From warnings of "a zero-day attack coming from a thumb drive" to findings of "accelerating threats and vulnerabilities" facing critical infrastructure, a new report from McAfee and the Center for Strategic and International Studies (CSIS) is enough to scare any complacent utilities manager straight.
As they did a year ago, McAfee and CSIS surveyed IT executives from critical electricity infrastructure enterprises around the globe for Tuesday's report titled "In the Dark: Critical Industries Confront Cyberattacks". But whereas just over half of all respondents reported facing a large-scale denial of service attack or network infiltration at their facilities in 2009, more than 80 percent said they'd experience such incidents in 2010.
Threats to critical infrastructure like the "smart grid" technology being deployed by power companies are growing, the study reports, citing such new developments as the Stuxnet Windows computer worm which specifically targets industrial software and computer equipment. Yet executives in the sector made only "modest progress in securing their networks" in 2010.

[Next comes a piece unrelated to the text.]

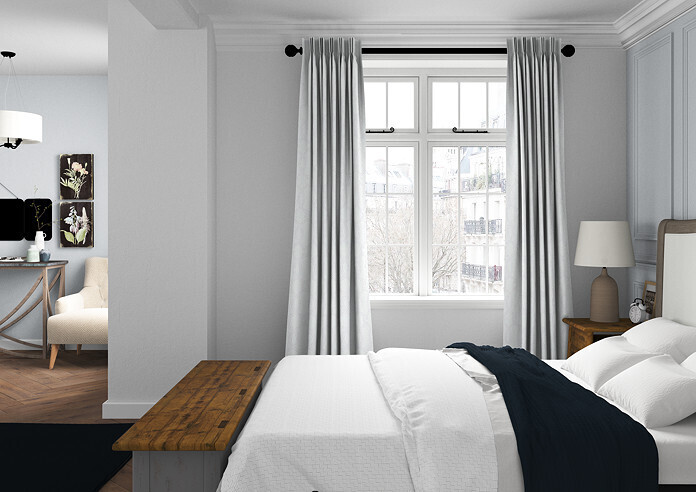 Aria, Chalk - Made to Measure Curtains - Image 5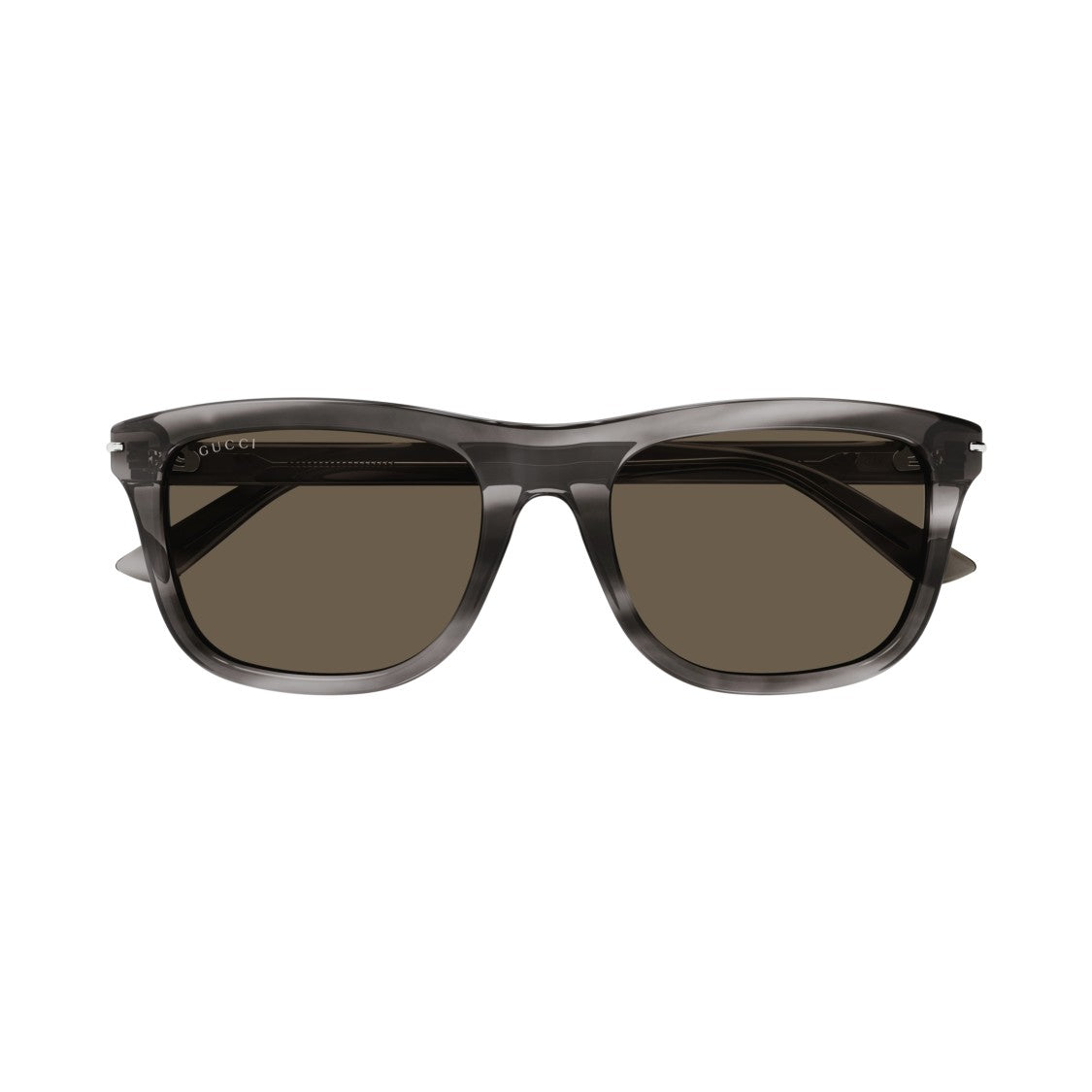 Gucci Gg1444s Translucent Smoky Gray Rectangular Sunglasses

The report identifies loosely organzied cyberterrorism and "hacktivism" as a growing area of concern. Unlike with cybercriminals, the "cyberwarrior" sees the shutdown of a target as the payoff rather than a failure to properly extort money from a victim in return for calling off an attack.
Government-sponsored cyberattacks pose a similar threat, according to McAfee and CSIS.
Stuxnet "is almost certainly the work of a government, not a criminal gang," the report claims. "Stuxnet is, in short, a weapon. It is a concrete demonstration that governments will develop malware to sabotage their adversaries' IT systems and critical infrastructure."
Which isn't to say that good old profit-seeking cybercrime isn't still prevalent in the sector. One in four survey respondents said they had been "victims of extortion through cyberattacks or threatened cyberattacks" in the past year.
The McAfee-CSIS study recommends a number of steps for the critical infrastructure sector to take to improve IT security, including improved authentication measures to building better partnerships with governments. But the study's authors seem to be fairly pessimistic about security actually improving.
"Overall, we found little good news about cybersecurity in the electric grid and other crucial services that depend on information technology and industrial control systems," the study concludes. "Whether audits and similar regulation will work better remains to be seen, but we can no longer pretend that it is business as usual for cybersecurity."